New In Store: Merwin & More

Nothing makes us happier here at Malvern than frantically tearing open carefully unpacking a shipment of lovely new books—and these recent arrivals from Copper Canyon Press certainly produced an immoderate amount of booksellers’ glee. Copper Canyon have been publishing poetry since 1972, and their titles include renowned and emerging American poets, poetry in translation, anthologies, and re-issues of classic collections. Let’s take a look at the cream of the Copper now gracing our shelves…

New Books 1

The Moon before Morning by W.S. Merwin ($24; hardback)—a stunning new collection from our seventeenth Poet Laureate. Lyrical, elegant, and transcendent, the poems in this volume suggest that, at the age of eighty-six, two-time Pulitzer Prize winner Merwin is writing some of the best poetry of his life.

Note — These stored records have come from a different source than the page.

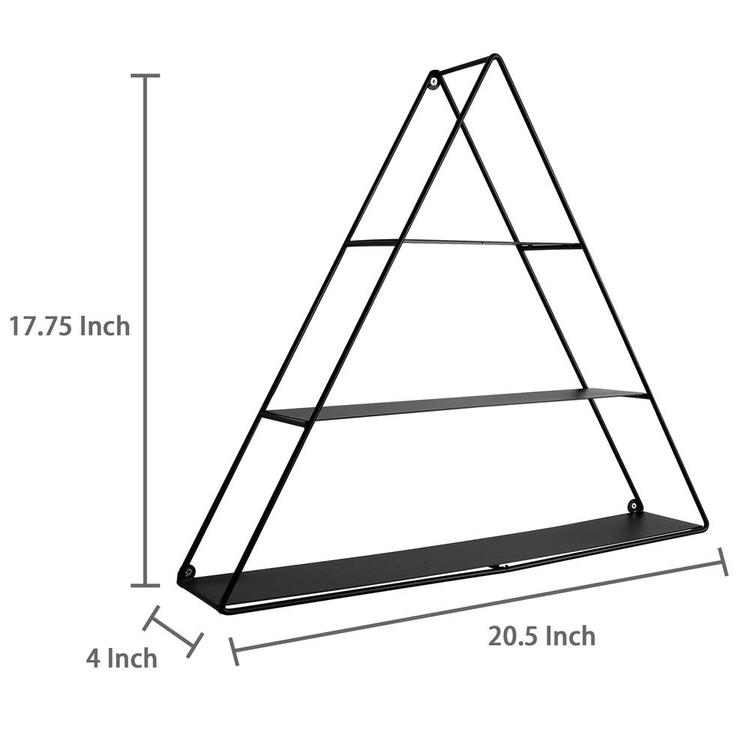 3 Tier Wall Mounted Triangular Matte Black Metal Pyramid Display Shelf - MyGift Enterprise LLC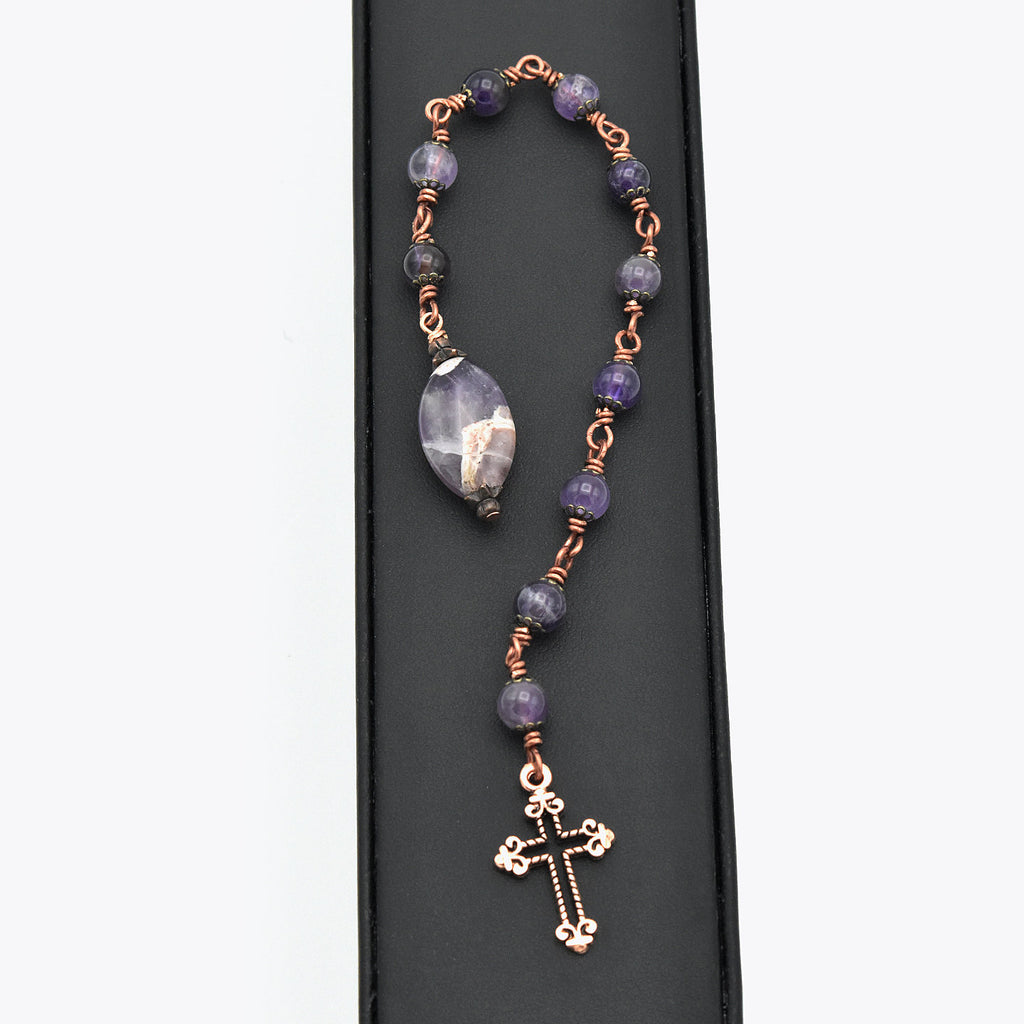 Handmade Amethyst & Copper One-Decade Pocket Chaplet Rosary – One of One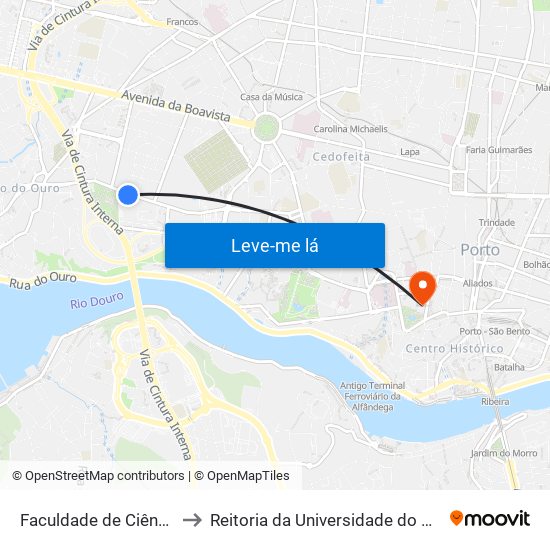 Faculdade de Ciências to Reitoria da Universidade do Porto map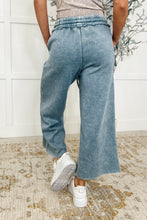 Load image into Gallery viewer, In or Out Wide Leg Cropped Pants Dusty Blue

Upgraded to Serious by Heather McHugh ($22; hardback)—McHugh’s eighth collection was honored as a “Book of the Year” by Publishers Weekly. These poems are frank and funny, full of fast-paced banter and linguistic acrobatics.

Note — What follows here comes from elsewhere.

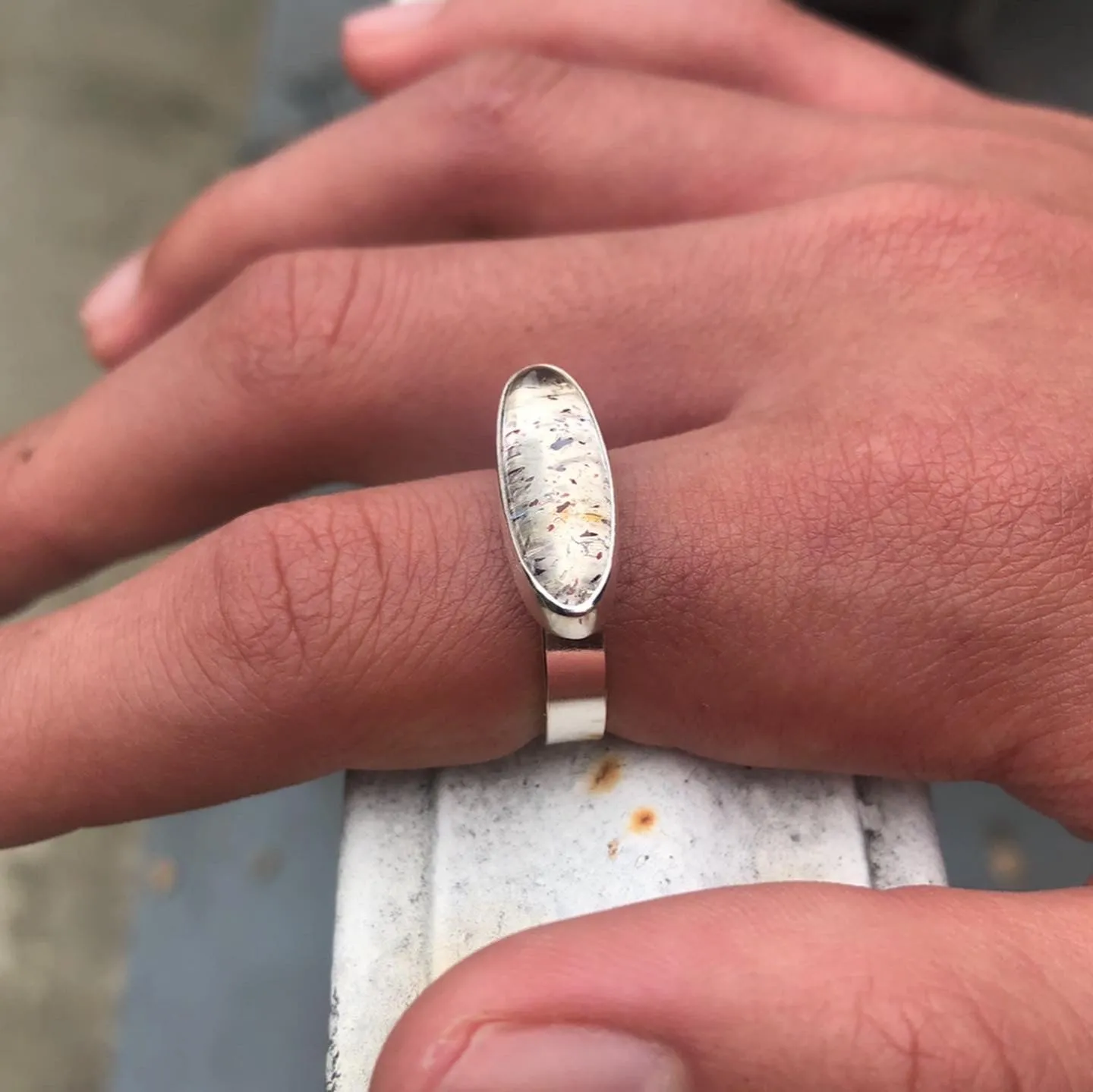 Oblong Pyrite included quartz ring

Radio Crackling, Radio Gone by Lisa Olstein ($15; paperback)—winner of Copper Canyon’s 2005 Hayden Carruth Award for New Emerging Poets, Radio Crackling creates a dreamscape filled with paradox and uncertainty, and guides the reader through this eerie world with remarkable intelligence and energy.

New In 2

Human Dark with Sugar by Brenda Shaughnessy ($15; paperback)—winner of the James Laughlin Award for the best second book of poems by an American poet (no sophomore slump here!), Human Dark with Sugar shuns sentimentality in favor of forthright, sexy, self-aware verse that somehow feels both playfully improvisational and assiduously controlled.

Crow with No Mouth by Ikkyū ($14; paperback)—Fifteenth-century Zen master Ikkyū Sojun only lasted nine days as headmaster of the great temple at Kyoto… and when he quit he invited his fellow monks to look for him in the sake parlors of the Pleasure Quarters. His short poems are as bawdy and robust as you’d expect from an iconoclastic ex-monk who despised authority and revered erotic love.

The Monster Loves His Labyrinth by Charles Simić ($14; paperback)—a collection of the 2007 U.S. Poet Laureate’s notebook entries, this book offers a fascinating glimpse into the preoccupations of one of our most acclaimed poets. These epigrams and vignettes offer moments of stunning beauty interspersed with biting humor.